2112 a révélé au monde entier la fusion de hard rock et de rock progressif opérée par Rush. Après des années de tâtonnements incertains, le trio avait enfin trouvé son véritable style. Il répliqua un an plus tard avec A Farewell to Kings, disque déchiré entre longues suites et titres plus courts. Après quelques concerts, les canadiens retournent dans les studios britanniques de Rockfield pour enregistrer leur sixième album studio, continuant ainsi une période d’extrême activité commencée avec le premier album éponyme, quatre ans plus tôt. Hemispheres, paru en octobre 1978, se place dans la droite lignée de ses deux prédécesseurs, avec un titre occupant toute la première face tandis que la deuxième est divisée entre des morceaux relativement courts. Commercialement, le disque connaît un succès assez mitigé, arrivant péniblement à se hisser dans le top 50 américain, tandis que les deux singles publiés n’arrivent même pas à pénétrer dans le moindre classement. Cet album marque un point tournant dans la carrière de Rush, signifiant la fin d’une trilogie aussi célèbre que séminale, celle des trois premiers disques de metal progressif. Le trio est frustré par la réussite commerciale, réelle mais mitigée, de ses œuvres ; il va donc, après une pause de plusieurs années, la première depuis sa formation, prendre un nouveau chemin à l’orée des années 1980. Des débats sans fin auront ensuite lieu pour déterminer si, oui ou non, Rush a eu raison d’abandonner son style tellement novateur…

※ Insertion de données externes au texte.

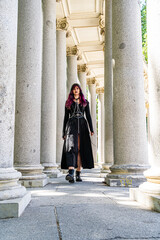 Naklejka premium Young woman in gothic attire walking confidently through a colonnade, dressed for a carnival, masquerade or Halloween celebration, blending alternative fashion with historic architecture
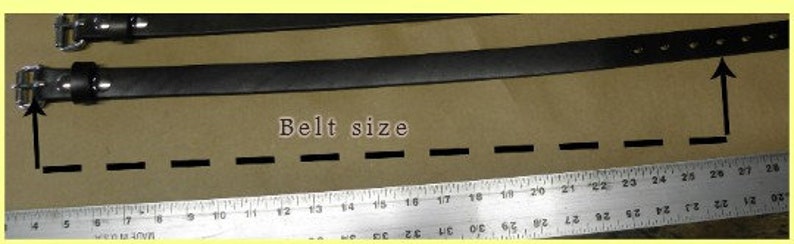May include: A black leather belt with a metal buckle, measured on a ruler to be 25 inches long. The text "Belt size" is written on the surface below the belt.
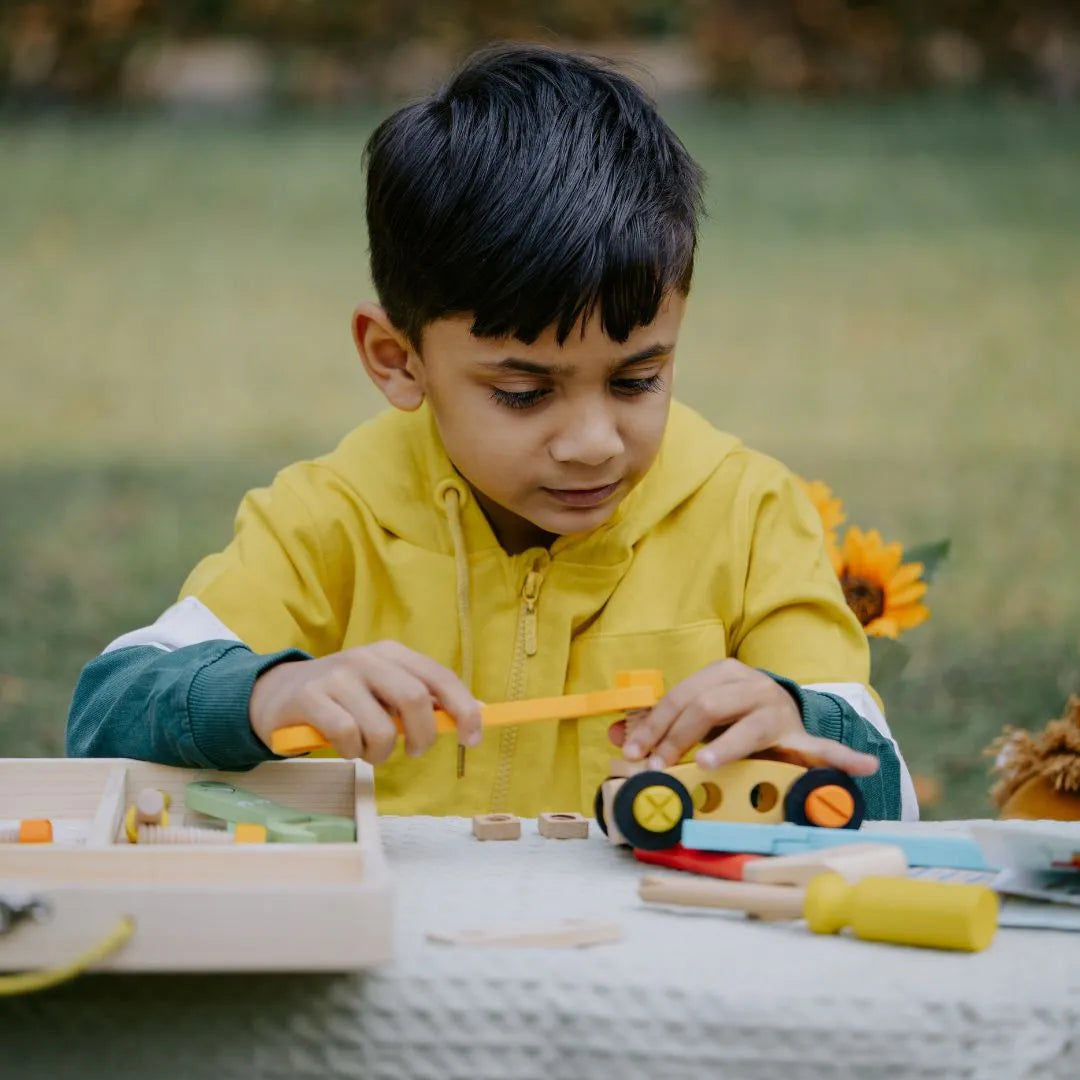 Boy assembling wooden tools from the Wooden Tool Kit Toy, practicing problem-solving and fine motor skills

Malgré la longueur des morceaux, Hemispheres est un album relativement court, n’atteignant pas les quarante minutes. La suite "Cygnus X-1 Book II", malgré sa taille, ne peut rivaliser en durée avec les plus imposantes divagations du progressif. Ce qui s’avère assez heureux, car cette interminable entrée en matière s’avère assez décevante. Contant la suite des aventures de l’astronaute de "Cygnus X-1" (sur A Farewell to Kings), le morceau s’abîme dans une trame mêlant pseudo-psychologie, mythologie et science-fiction avec une emphase stérile, tandis que les multiples breaks et mélodies semblent disposés aléatoirement. Heureusement, les indéniables aptitudes instrumentales du trio empêchent le désastre, et certains riffs se révèlent particulièrement jouissifs. Quant à la voix de Geddy Lee, elle reste le grand problème de Rush : impossible d’avoir une opinion neutre à son sujet, il faut aimer ou détester. Cet organe suraigu et nasillard peut parfois paraître terriblement agaçant, mais il sait très bien s’insérer dans le contexte progressif tissé par le groupe. C’est bien là la seule réserve que l’on peut faire d’un point de vue instrumental. Les musiciens de Rush restent, encore aujourd’hui, parmi les meilleurs techniciens de leur catégorie, avec une des meilleures sections rythmiques de l’histoire du rock, qui n’occulte toutefois pas le talent du soliste Alex Lifeson.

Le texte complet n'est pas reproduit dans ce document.